One possible explanation for the cryptic comment in the midrash about future renewal for women would connect it to another midrash (BT Hullin 60a):
When G-d created the sun and the moon, the two great lights, the moon said to the Holy One, “Sovereign of the Universe! Can two rulers wear one crown?” God answered: “Go then and make yourself smaller!” Simeon ben Lakish declared, “Why is it that the he-goat offered on the New Moon [for a sin-offering] is distinctive in that there is written concerning it, ‘unto the Lord’?” Because the Holy One said, “Let this he-goat be atonement for Me [for My sin] in making the moon smaller.”
If one understands the moon to represent women and the sun to represent men, the connotation here is that women’s lesser social status is due to a “sin” that G-d is now atoning for. This, coupled with the verse in Isaiah 30:26 prophesizing that in the world to come “the light of the moon shall become like the light of the sun,” hints at a future time when women will be considered equal to men.
In the Jerusalem Talmud (Ta`anit 1:6), the tradition of women not performing work on Rosh Hodesh is listed as an authentic tradition. The Mishneh B’rurah (no. 417) quotes the Jerusalem Talmud and, like Rashi, attributes this tradition to the women not having participated in the sin of the Golden Calf.
The Shulkhan Aruch, the Code of Jewish Law, the Laws of Rosh Hodesh, Section 1, says that one is permitted to perform work on Rosh Hodesh, but that there is a “good” tradition for women not to do so.
Today, there are still women who do not work on Rosh Hodesh, particularly when it comes to household chores, such as laundry and cleaning. However, the most popular way in which women have reclaimed this women’s holiday in our time is by forming Rosh Hodesh groups. In these groups women celebrate together, whether through prayer, ritual, study, or discussion of relevant topics.

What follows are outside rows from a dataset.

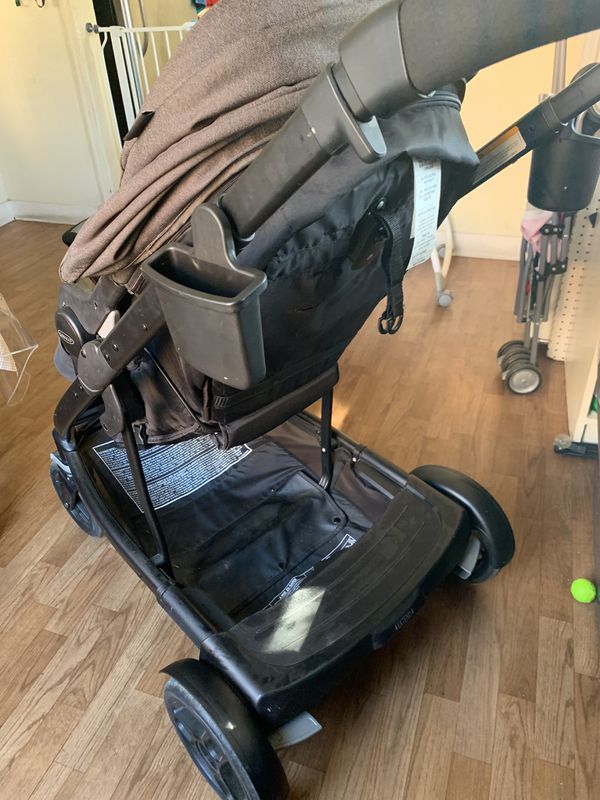 Graco Uno2Duo Travel System for Sale in Los Angeles, CA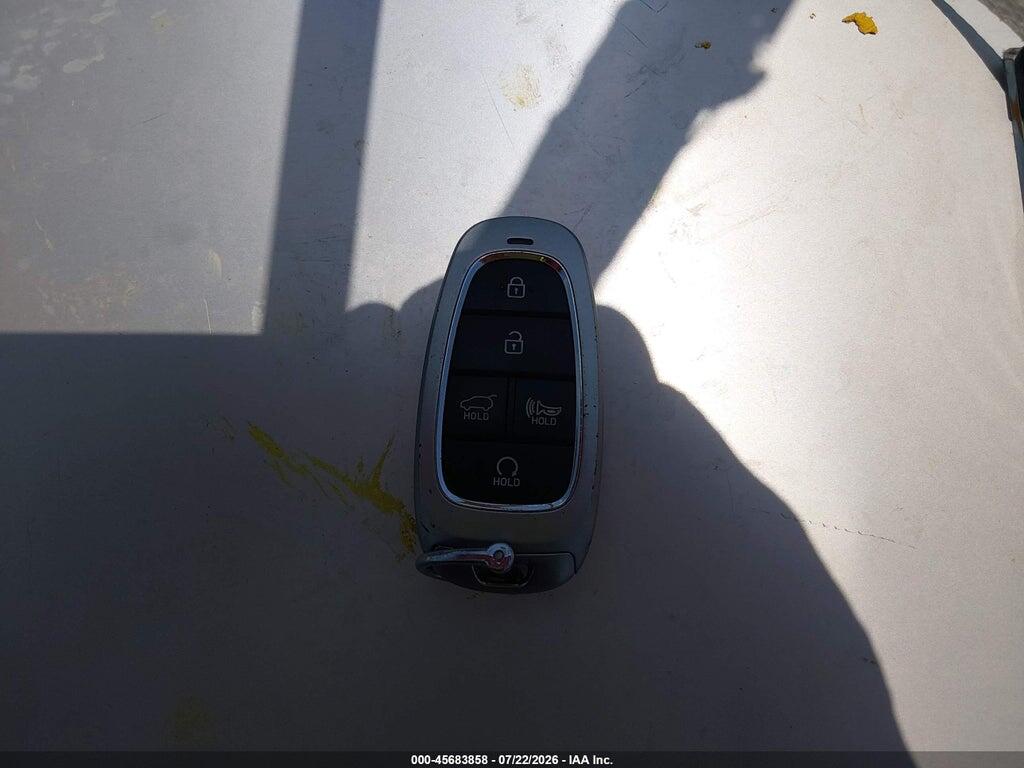5NMJBCDE1RH354595 2024 HYUNDAI TUCSON photo no. 11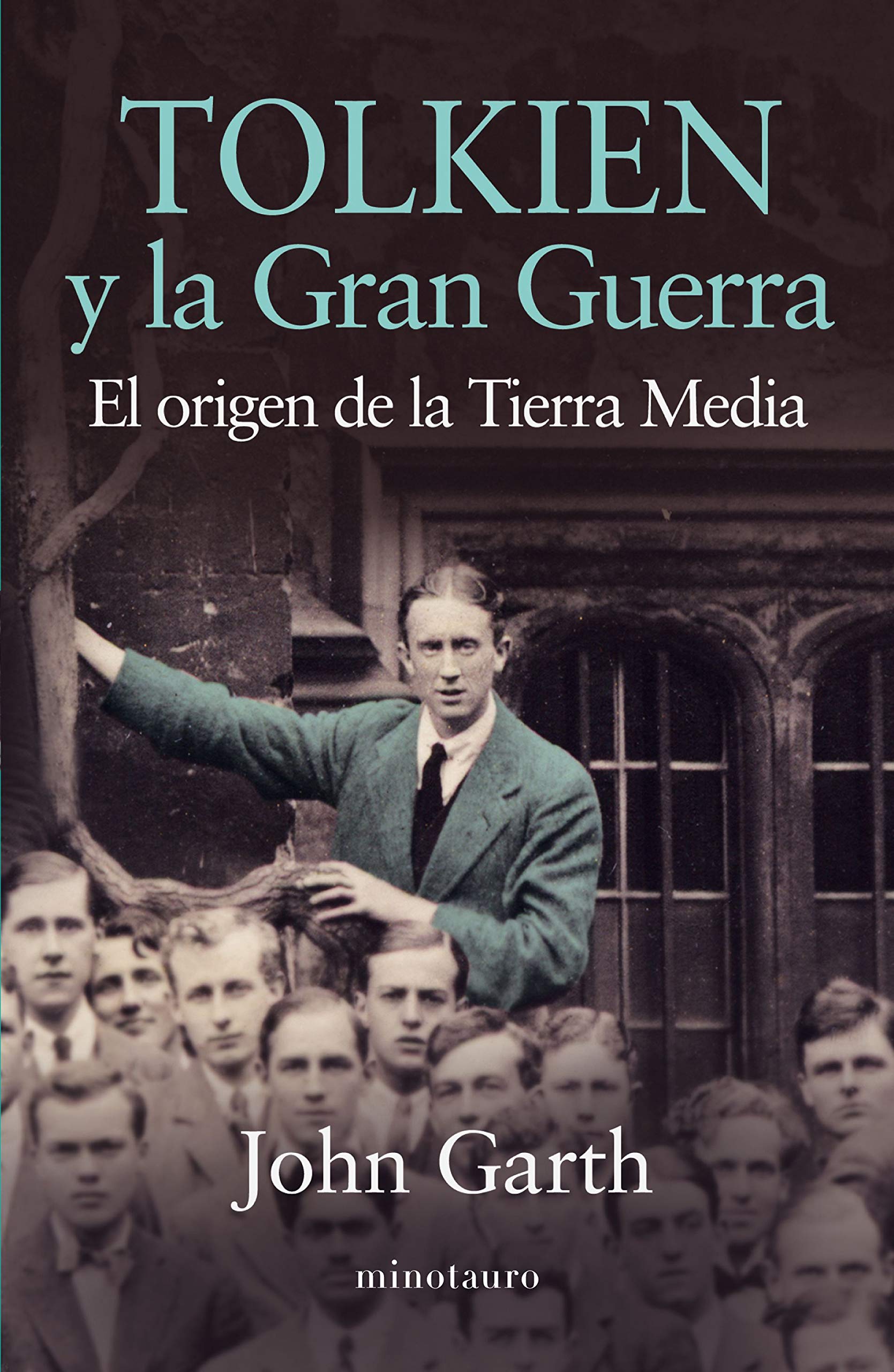Tolkien y la gran guerra: El origen de la Tierra Media (Biblioteca J. R. R. Tolkien) Contemporary literature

In recognition of the power of these traditions, Women of the Wall chose Rosh Hodesh as the day to gather as a women’s prayer group and celebrate, through prayer at the Kotel and reading the special portion for Rosh Hodesh from the Torah scroll. Women Of the Wall is proud to be the impetus for women’s reclamation and reshaping of traditional practices in a way that expresses their own spirituality.